╭──
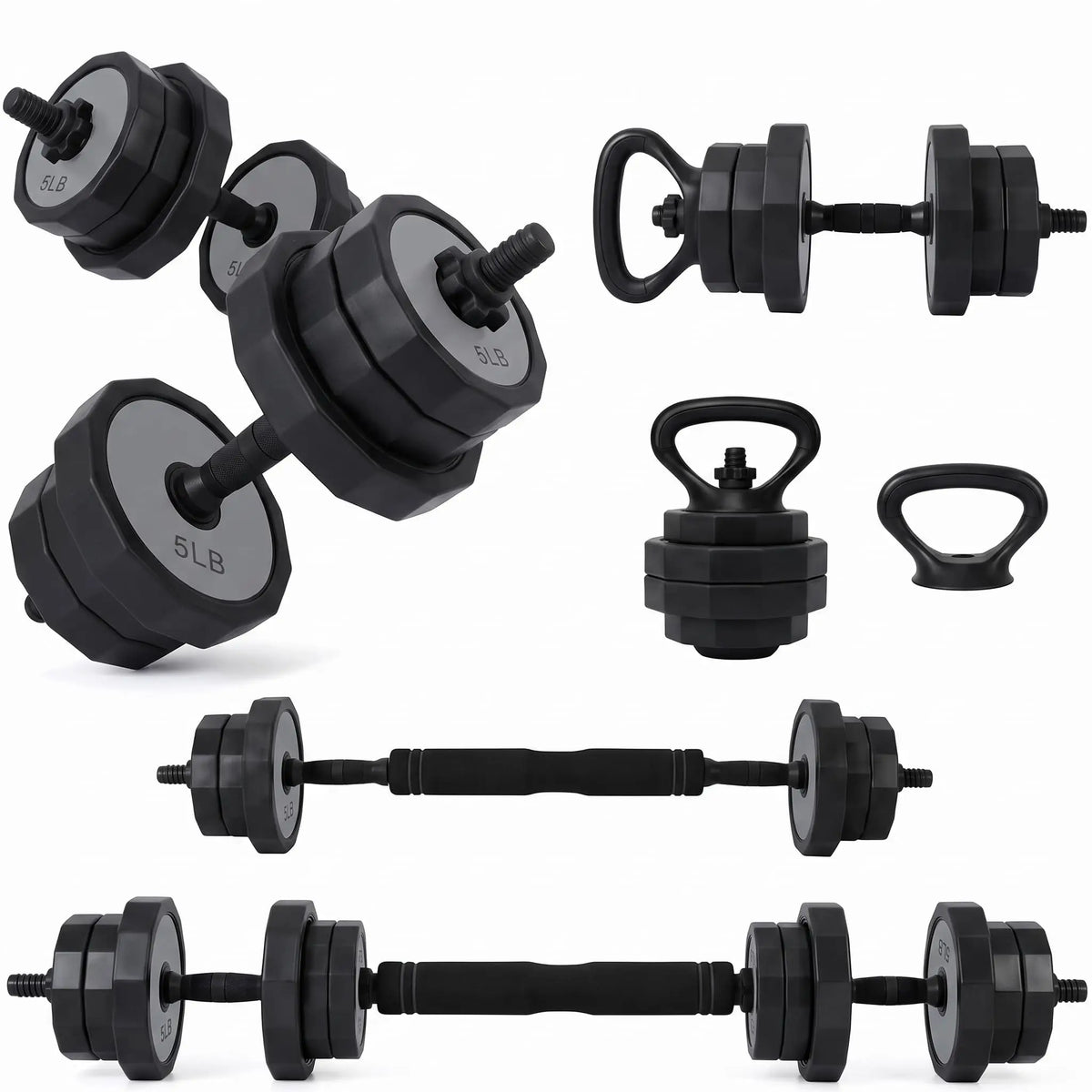 Adjustable Dumbbells Set 45/65/85 Lbs, 3 In 1 Weight Dumbbell Set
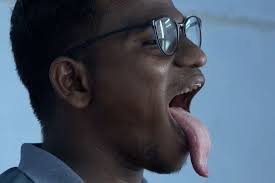 Art' you kidding? Man paints with super long tongue (Video) | New York Post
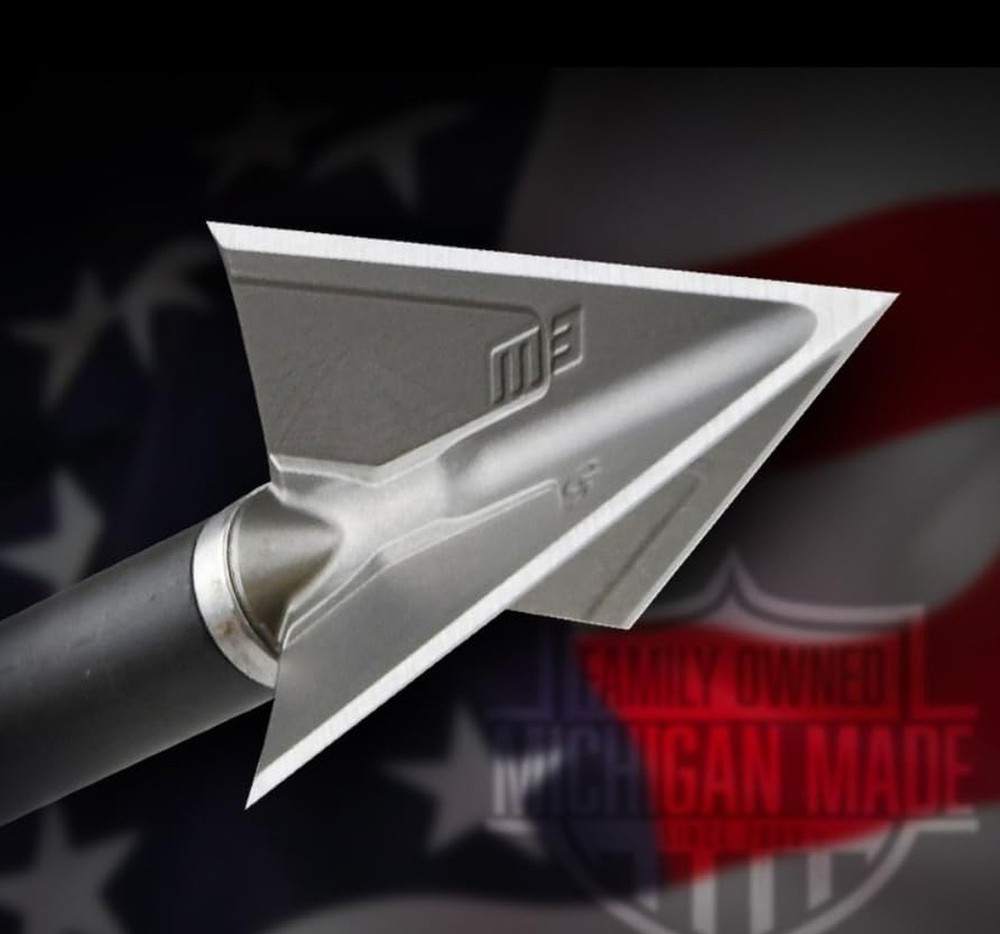 G5 Montec M3 Solid Fixed 3-Blade Broadheads | 3-Pack | 100/125 Grains | Razor...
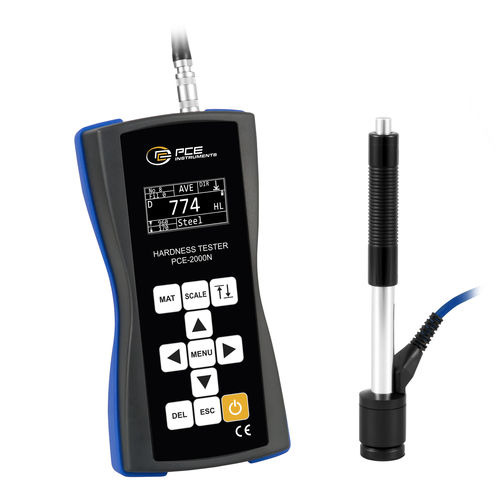 Leeb hardness tester - PCE-2000N - PCE Deutschland GmbH - portable / for non-ferrous metals / LCD digital display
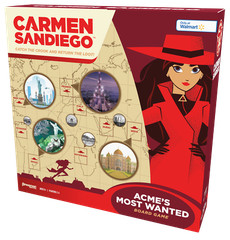 Pressman Carmen Sandiego: ACME’s Most Wanted board game night fun family kids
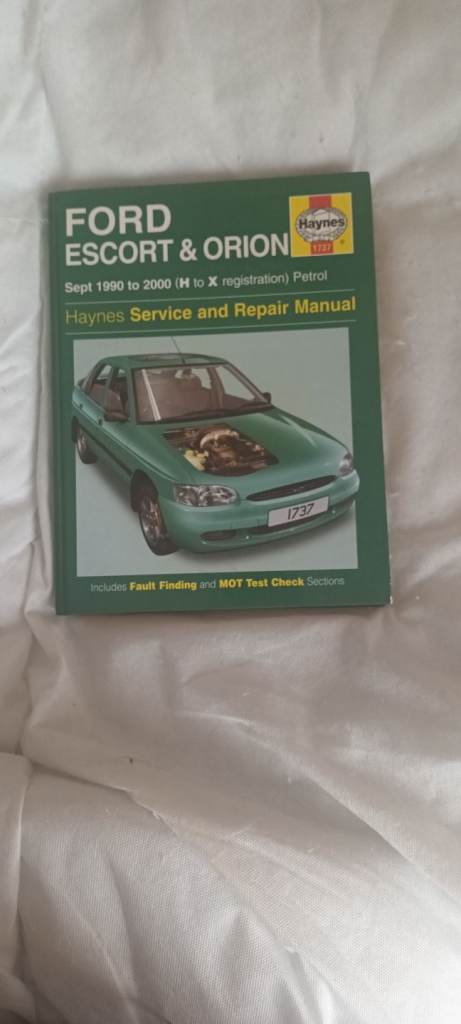 Ford Escort and Orion Haynes Service Manual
╰──
■ **EXERCISE REQUIREMENTS**
Repeat only the lines between the top of the entries above and the line containing "Leeb hardness tester", both ends included, without the pictures.

■ **TASK ANSWER**
 Adjustable Dumbbells Set 45/65/85 Lbs, 3 In 1 Weight Dumbbell Set
 Art' you kidding? Man paints with super long tongue (Video) | New York Post
 G5 Montec M3 Solid Fixed 3-Blade Broadheads | 3-Pack | 100/125 Grains | Razor...
 Leeb hardness tester - PCE-2000N - PCE Deutschland GmbH - portable / for non-ferrous metals / LCD digital display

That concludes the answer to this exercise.